Helfie founder and CEO George Tomeski has been featured in The Telegraph (UK), tackling some of the most uncomfortable truths about Britain’s health crisis and making the case for prevention and early detection as the pivotal path forward.
Sticking Plaster on a Haemorrhage
Britain’s welfare bill for working-age sickness and disability has hit £56bn a year, with forecasts pushing it to £70bn by 2029. The government’s response? Cut Universal Credit health payments for new claimants from £97 to £50 a week. It’s a sticking plaster on a haemorrhage, and it ignores the real question entirely.

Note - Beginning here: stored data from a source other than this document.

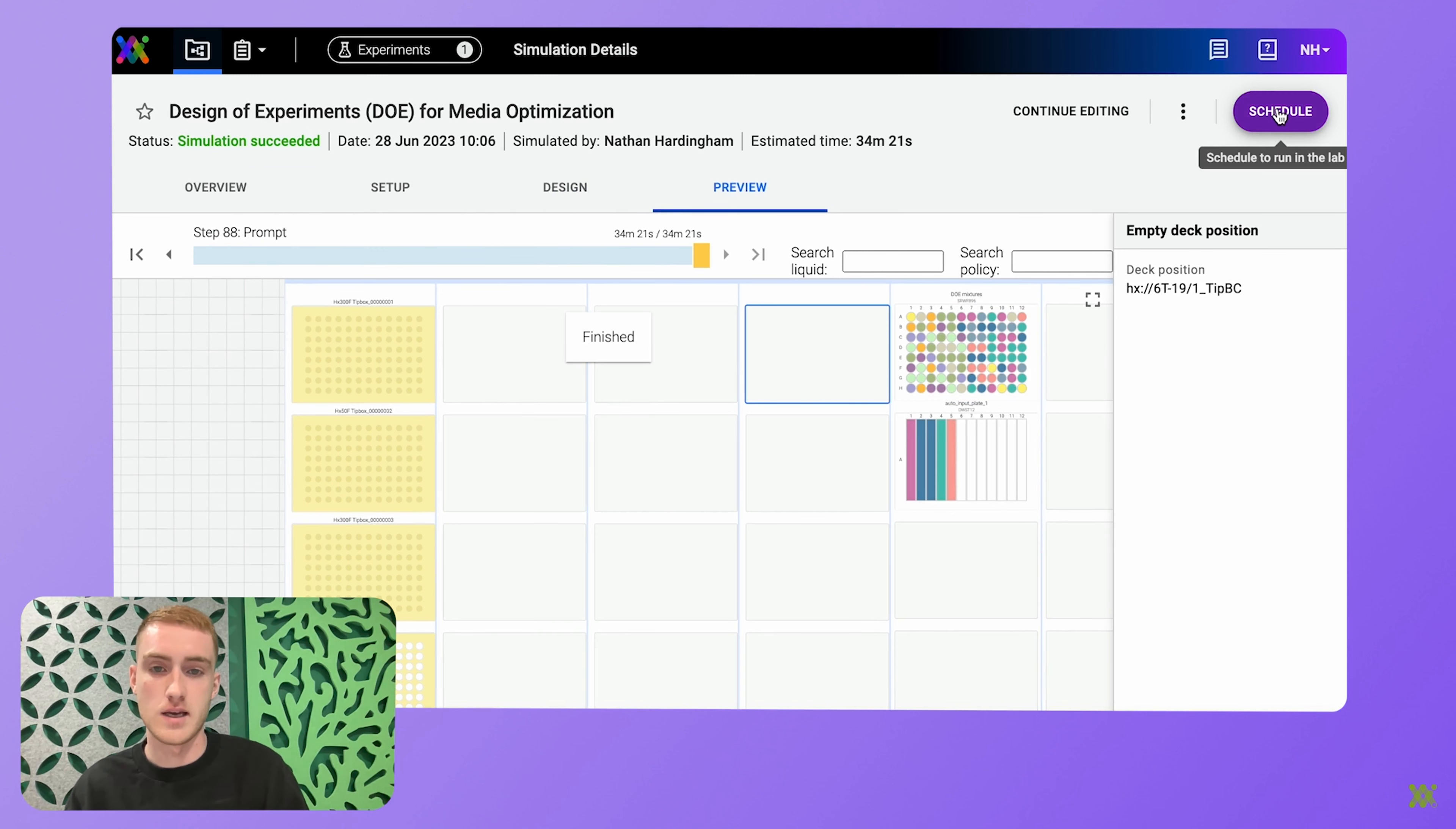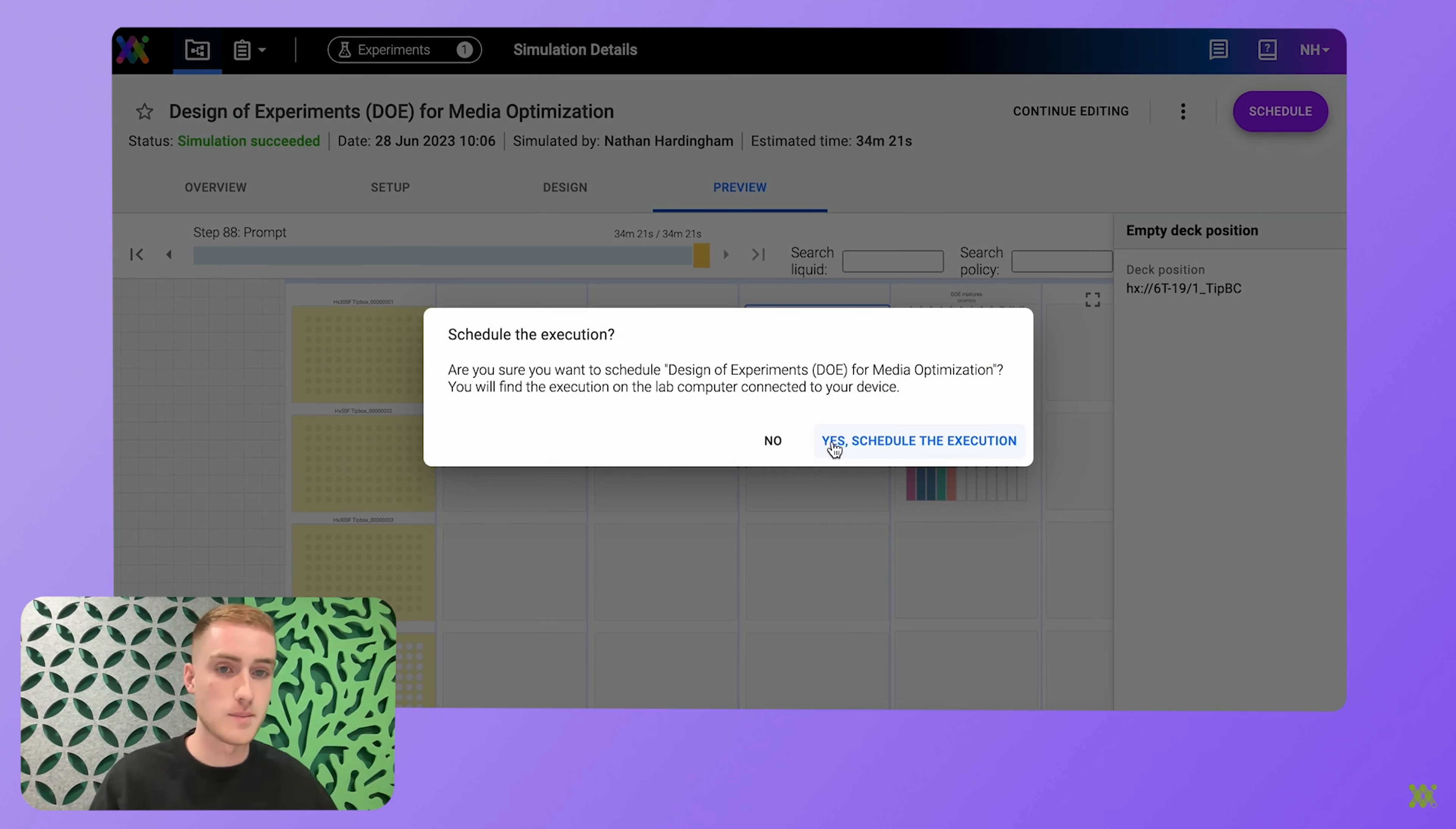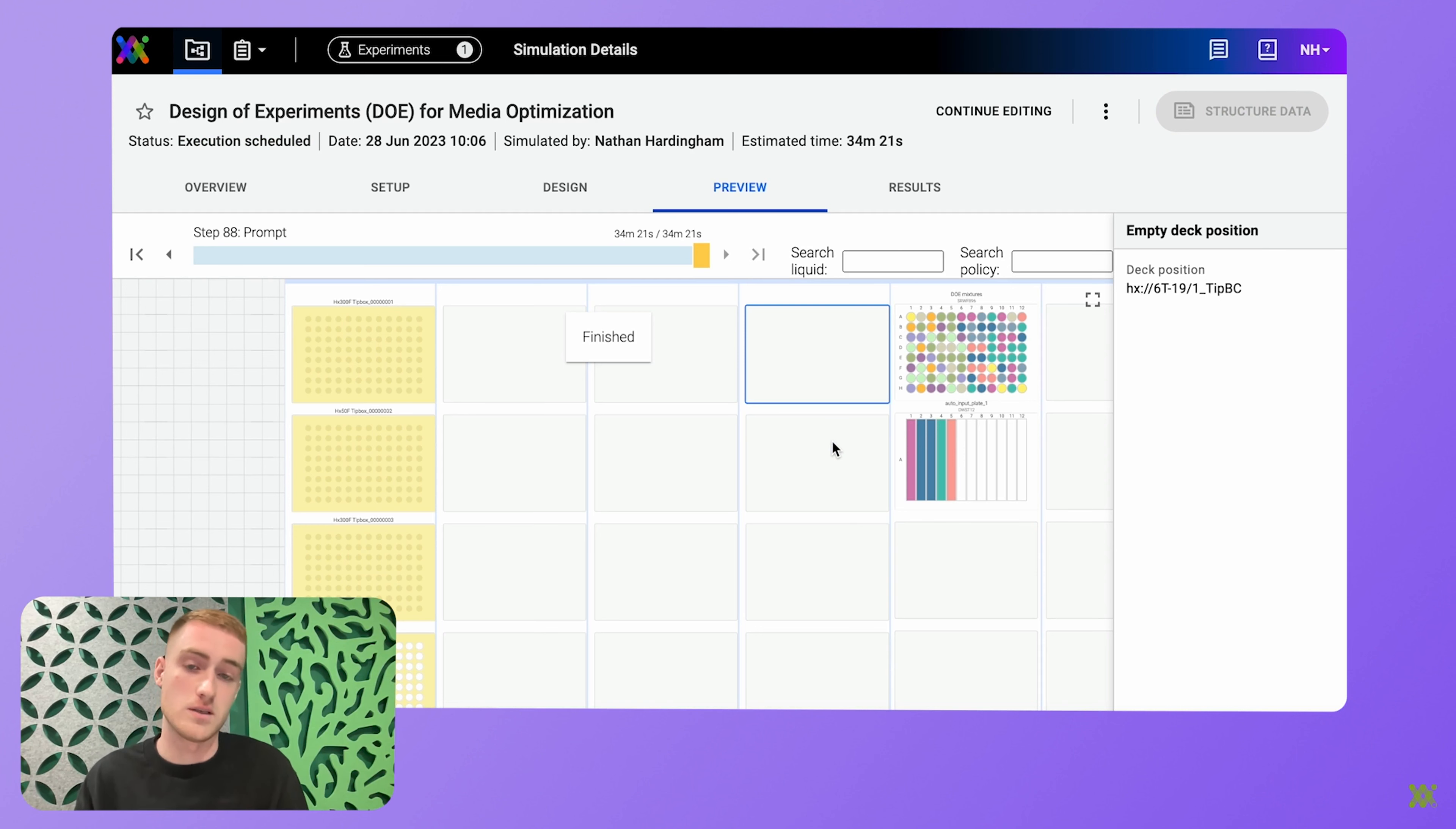And then with a couple more clicks, I'm sending that simulation to the lab. And then all you've got to do is set up your robot and press run.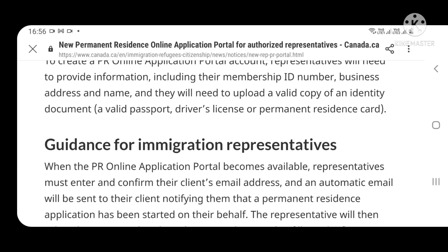अगर video अच्छी लगी हो तो description में link share कर दूँगी। अगर आप ECA कराना चाहते हो या किसी university की transcript लेना चाहते हो तो हमें contact कर सकते हैं — IQS, WES, ICS, ICAS और अन्य services के लिए।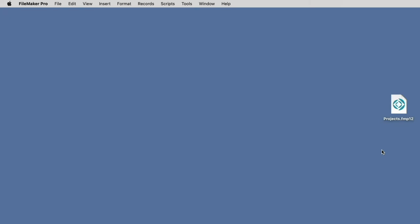Uploading files to Claris FileMaker Cloud requires a copy of FileMaker Pro, and you must be signed into that copy of FileMaker Pro with your Claris ID.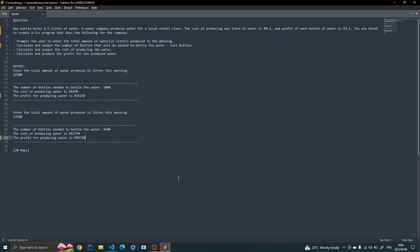The question says one bottle holds 2.5 liters of water. A company produces water for a local retail store. The cost of producing one liter of water is 0.5 rand, and the profit for each bottle of water is 2.1 rand. You are hired to create a C++ program that prompts the user to enter the total amount of water in liters produced in the morning, and then calculate and output the number of bottles needed — considering full bottles only — and calculate the cost of producing the water.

Why, in an age of remarkable medical progress, are so many of us so unhealthy? And who actually benefits from that?
The Real Cost of Inaction
The numbers are staggering. Nearly 2.8 million people, 7% of Britain’s workforce, are out of work due to long-term sickness, costing the economy £132bn in lost output every year. Yet every political lever being pulled treats the symptom, not the cause.
A System Working Exactly as Designed
Here’s the uncomfortable truth: the current system isn’t broken. It’s working exactly as designed, just not for patients or taxpayers.
Think about it. Someone diagnosed with Type 2 diabetes becomes a lifelong customer: of medications, appointments, and repeat prescriptions. The same pattern repeats across chronic disease. For the pharmaceutical industry, preventable illness is a revenue stream. A medicated, anxious workforce is decades of guaranteed demand. A filled hospital bed is income.
Prevention, by contrast, generates no bills. It produces wellbeing, something the system has never learned to price. The market rewards reaction, not resilience.
The Early Warning Signals We’re Ignoring
But here’s what should change the entire conversation: most of the conditions keeping people out of work, musculoskeletal disorders, cardiovascular disease, mental health disorders, respiratory illness, are detectable and manageable long before they become disabling. Our bodies give off early warning signals, and today’s technology can read them.
Smartphones can already monitor health signals that flag risk well before a GP visit or a fit note. Low-cost, AI-driven preventative health tools can identify problems early, prompt intervention sooner, and dramatically cut the downstream burden on individuals, employers, the NHS, and the Treasury.
This isn’t just good for patients. It’s transformative for employers battling absence, insurers carrying avoidable risk, and a Chancellor desperate for growth.
What’s missing is political will. One concrete step: make certified preventative health monitoring tax-free through employers. Businesses get a reason to invest, workers stay healthier longer, and economic inactivity falls.
The technology exists. The need is urgent. The £132bn annual cost of doing nothing is one Britain simply cannot keep deferring.